Congruence Catalyst
Edition 4
In the past few issues, I’ve discussed the importance of finding our own path forward as a company rather than trying to meet external measurements. Today, I want to focus on the influence of our own history.
In the past few issues, I’ve discussed the importance of finding our own path forward as a company rather than trying to meet external measurements. Today, I want to focus on the influence of our own history.
This is also a personal reminder. My biggest struggle is trying to replicate what I did well five or ten years ago – whether in my athletic abilities or how carefree my mind was. But I’ve realized that trying to replicate the past only drags down my ability to use the best version of myself today.
The same challenge arises for companies, which are just groups of people. Most of my career has revolved around helping companies facing challenges. I used to easily agree with the idea that we could bring back the glory days or replicate that one great year. Who doesn’t love a good challenge?
Over time, I’ve come to appreciate the fallacy in this thinking, and I’m bold enough to say:
Turnarounds are a fallacy.
Ask yourself: How many true turnaround stories can you recall? Has a 32-year-old athlete ever replicated their style and flamboyance from when they were 22?
This isn’t to say a 32-year-old athlete can’t be more successful than they were at 22. But it won’t be because they replicated their 22-year-old self. No athlete can do what they did ten years ago while also benefiting from the wisdom earned through those years.
The word “turnaround” is used loosely in several contexts. Let’s consider three that most fall under.
Chapter 7 bankruptcy is essentially the dissolution of a company, where it is sold for parts. I think of this as the end of an athlete’s playing career. It doesn’t mean they won’t go on to do other things, but this is not a turnaround – It’s a new beginning. I view this as a start-up scenario. Buying the license to use a well-known brand out of bankruptcy is no different from buying any other asset to start a business. The connection to the promise of the old brand is flimsy.
Chapter 11 bankruptcy involves a company defaulting on its debt due to cash flow constraints. However, many parts of the company’s operations may still be viable. My mental model for this situation is closer to an acquisition by a new owner and investor than a turnaround. All equity owners get wiped out, and only debt holders, who are typically not involved in day-to-day operations, have any hope of recouping their investment.

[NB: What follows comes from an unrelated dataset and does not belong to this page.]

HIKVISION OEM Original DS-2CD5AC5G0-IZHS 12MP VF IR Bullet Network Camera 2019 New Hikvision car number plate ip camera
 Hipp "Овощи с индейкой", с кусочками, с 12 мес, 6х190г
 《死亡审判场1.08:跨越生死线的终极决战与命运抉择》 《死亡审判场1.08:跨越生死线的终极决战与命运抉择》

In both these situations, the new owners of a company are acquiring an asset that has been deeply discounted because of how it was run in the past. So, expecting a return to the old glory days is not a rational expectation.
The third situation is when investors and owners are unhappy with a company’s present performance, which happens quite often. We want to focus on this because the first two scenarios with new owners are more obvious to internalize.
In this situation, companies replace CEOs and executives or set mandates to shift the present reality, trying to reverse unfulfilled promises or deteriorating performance. These scenarios often include past market leaders or companies that showed significant promise in the recent past. As admirable as it is to call these situations a “turnaround” and try to fulfill the difficult mandate to bring back past glory, I have come to recognize this as a mistake.
None of us deserve anything based on our past. Every game is a new game. We have to earn future outcomes. Every poker player knows that every new deal resets the odds and that past hands do not reflect the next one. The only thing we can bring forth from our past is resources – our big stack of chips if we have them.
In a company setting, these resources would be cash on hand, intellectual property, skills, lessons learned, data, or any such fortifiable walls we gained in the past. It still doesn’t change the fact that we must fight the next battle on its merits.
That’s our first takeaway:
We should limit the influence of “glory days” in our planning and rely on real and reliable resources to build a new future.
In October 2018, I was sitting at a bar wondering why the company-level change effort I was leading was proving so difficult. That’s when the idea of advising companies under my own brand came to me. I landed on the term “Turnaround Science” – a poor choice in hindsight.
When I launched my first website in 2019, I explained my choice of the word “turnaround” as: “The best form of defense is offense. Growing any business requires an approach that challenges and rethinks every aspect. I consider such disruptive thinking around business strategy and operations a Turnaround mindset.” I should have called that thinking a “NewCo” mindset.
A “NewCo” mindset implies we have to live as though we are in “Groundhog Day.” Nothing we did yesterday or today influences tomorrow’s outcomes except the resources we’ve gained. In a company setting, resources include cash, IP, and similar assets.
From a planning perspective:
What can our company achieve in the next cycle if we start anew, with all our resources intact but none of our expectations that our present products will remain in good standing or that people will continue to work for us?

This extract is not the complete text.